[HN Gopher] Pg_later: Asynchronous Queries for Postgres
___________________________________________________________________
Pg_later: Asynchronous Queries for Postgres
Author : revskill
Score : 171 points
Date : 2023-08-18 08:15 UTC (14 hours ago)
(HTM) web link (tembo.io)
(TXT) w3m dump (tembo.io)
| MuffinFlavored wrote:
| I'm having a hard time understanding. I see that it's basically a
| queue. Request your query to be inserted, get a job_id back, poll
| that job_id until it is done.
|
| Under the hood, is the query ran like a normal query?
|
| I guess I don't understand the distinction between "run queries
| async" or "put query in a queue, run them sync one a time, poll
| until the one you want is done"
|
| I get how the latter is "async".
| chuckhend wrote:
| It is similar functionality to
| https://docs.snowflake.com/en/developer-guide/sql-
| api/refere..., the `async` flag more specifically. You submit
| the query and are given the job id. A background worker runs it
| like a normal query, but the caller can go about their business
| while Postgres handles it for them.
| pramsey wrote:
| Similar to https://github.com/vibhorkum/pg_background
| DaiPlusPlus wrote:
| If I understand the article correctly, the two main features of
| pg_later is that a SQL batch won't be aborted when your Postgres
| connection dies - and all results are retained until you retrieve
| them, and this is all mediated by Tembo's Postgres message-queue
| extension.
|
| The thing is, both of those things can be done today without any
| extensions: just modify your SQL scripts to run under an Agent
| account, and change every `SELECT` into a `SELECT INTO`
| statement, all dumping into a tempdb - this technique also works
| on SQL Server and Oracle too.
|
| (On the subject of Agents, I'm surprised pgAgent isn't built-in
| to Postgres; while MSSQL and Oracle have had it since the start)
| dventimi wrote:
| I'm confused.
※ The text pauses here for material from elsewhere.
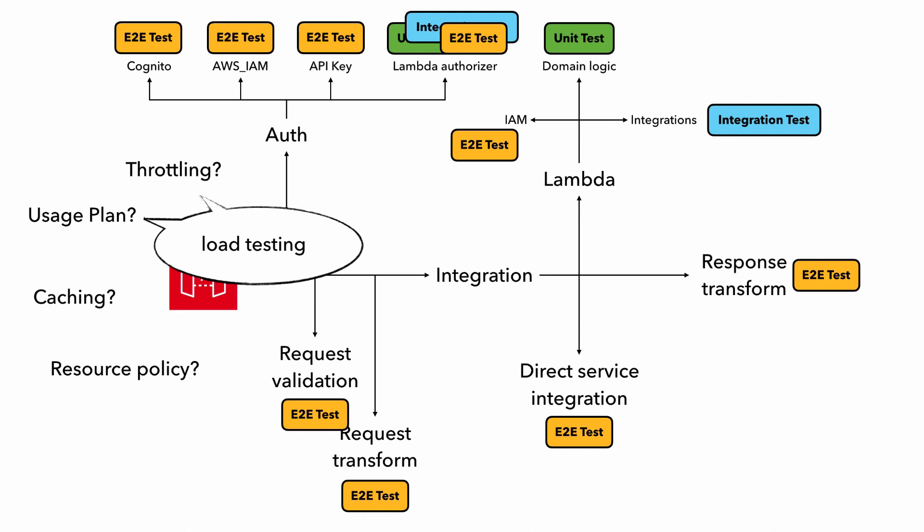Well, with things like throttling and usage plan, to really test them, you probably need to run a load test. And depending on where the thresholds are set, it can be quite costly and time-consuming to run these load tests. Not to mention the extra effort it's going to take to write and maintain these tests. So you really got to think about the return on investment here. And I think for most applications, the return on investment is just not there for testing these settings.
Can I already do this today without extensions or
| do I need to install pgAgent first?
| notatoad wrote:
| i think the parent commenter has confused "without any
| extensions" and "without installing any more extensions than
| the ones i've already installed"
| DaiPlusPlus wrote:
| To my knowledge, pgAgent isn't an extension, it's just a
| client.
| dventimi wrote:
| Thanks. That helps.
| ransackdev wrote:
| Idk about pgagent but any table is a resilient queue with the
| multiple locks available in pg along with some SELECT
| pg_advisory_lock or SELECT FOR UPDATE queries, and/or
| LISTEN/NOTIFY.
|
| Several bg job libs are built around native locking
| functionality
|
| > Relies upon Postgres integrity, session-level Advisory
| Locks to provide run-once safety and stay within the limits
| of schema.rb, and LISTEN/NOTIFY to reduce queuing latency.
|
| https://github.com/bensheldon/good_job
|
| > |> lock("FOR UPDATE SKIP LOCKED")
|
| https://github.com/sorentwo/oban/blob/8acfe4dcfb3e55bbf233aa.
| ..
| zekenie wrote:
| Interesting! I've used materialized reviews for this in the past.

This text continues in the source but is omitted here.